Now back to the second question – are we in an asset bubble today?  The hallmark of an asset bubble is an attempt by investors to allocate a greater portion of their wealth away from Ma balances.  Basically an asset bubble is marked by a declining cash allocation.  The next two charts show Ma balances as percent of total household wealth and the total value of US equities.

 Chart 2 (Source: St. Louis Fed)

Chart 3 (Source: St. Louis Fed)

The bars on the graph represent Ma balances as a percent of the respective asset group, which can be used as proxy for investors' allocation in cash.  There is no observable decline in cash allocation which would suggest that we are not in a bubble, at least not yet.  Early in 2011, it appeared as though cash allocation had reached a peak only to suffer a marked rise in Q3-2011 most likely as a result of the debt ceiling fight in Congress.

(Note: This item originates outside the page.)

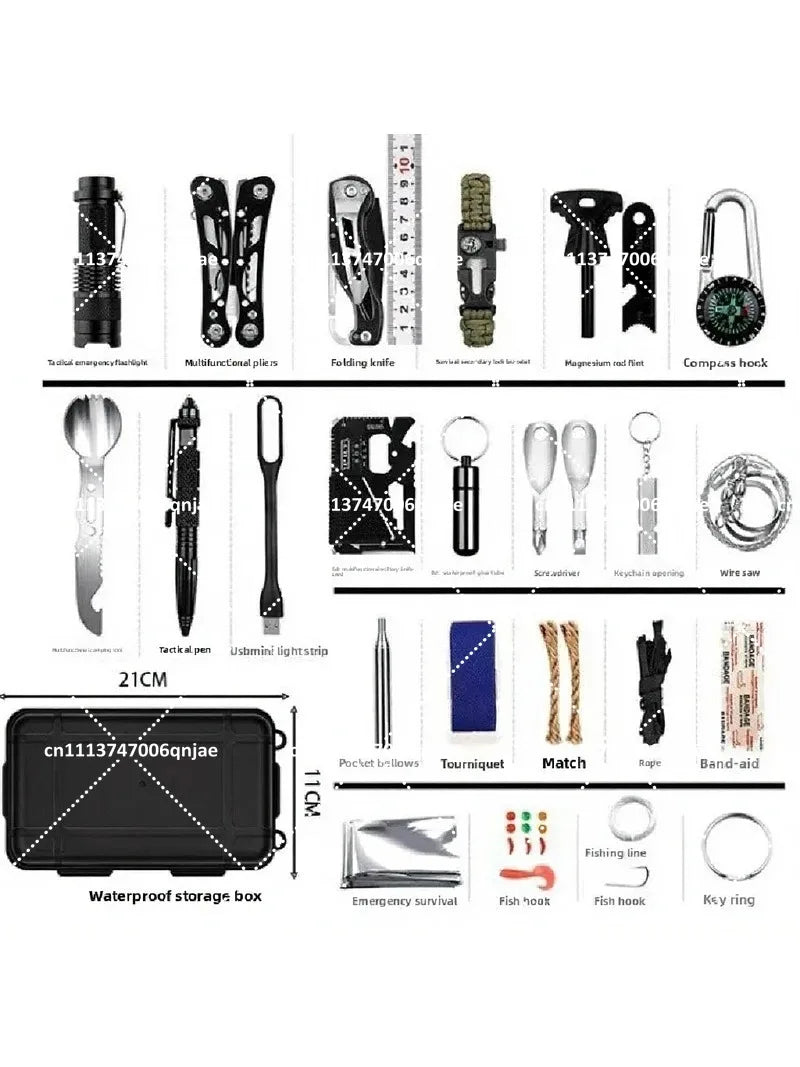 60-in-1 Multifunctional Survival Kit Camping Tool Set Outdoor Emergency Gear for Hiking Adventure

A sustained flattening or even a decline in cash allocation would suggest that investors' appetite for cash has finally been satisfied.  If the Fed continues to pump money after that point, any excess cash will be plowed into assets giving rise to another bubble.  To illustrate that point, the dashed line assumes that the peak in cash allocation occurred in Q4-2012 and shows asset levels without QE.  Of course, this all speculative.  At this point, it appears too early to tell whether we are past that point.  I will continue to update and share these charts as the Fed releases more data.

The important thing to take away is that the potential for another bubble is there, but nothing is assured.  We could be in an extended period of elevated demand for money; however, the risk remains that as soon as investors and corporations begin to allocate away from cash, asset prices will once again enter into bubble territory.  If history is any guide, the Fed will not tighten monetary policy timely out of fear of hurting the real economy.  The most important question still remains.  What will people do with the excess money printed by the Fed would they continue to sit on it, would they spend and invest in the real economy or are we in for another boom and bust cycle?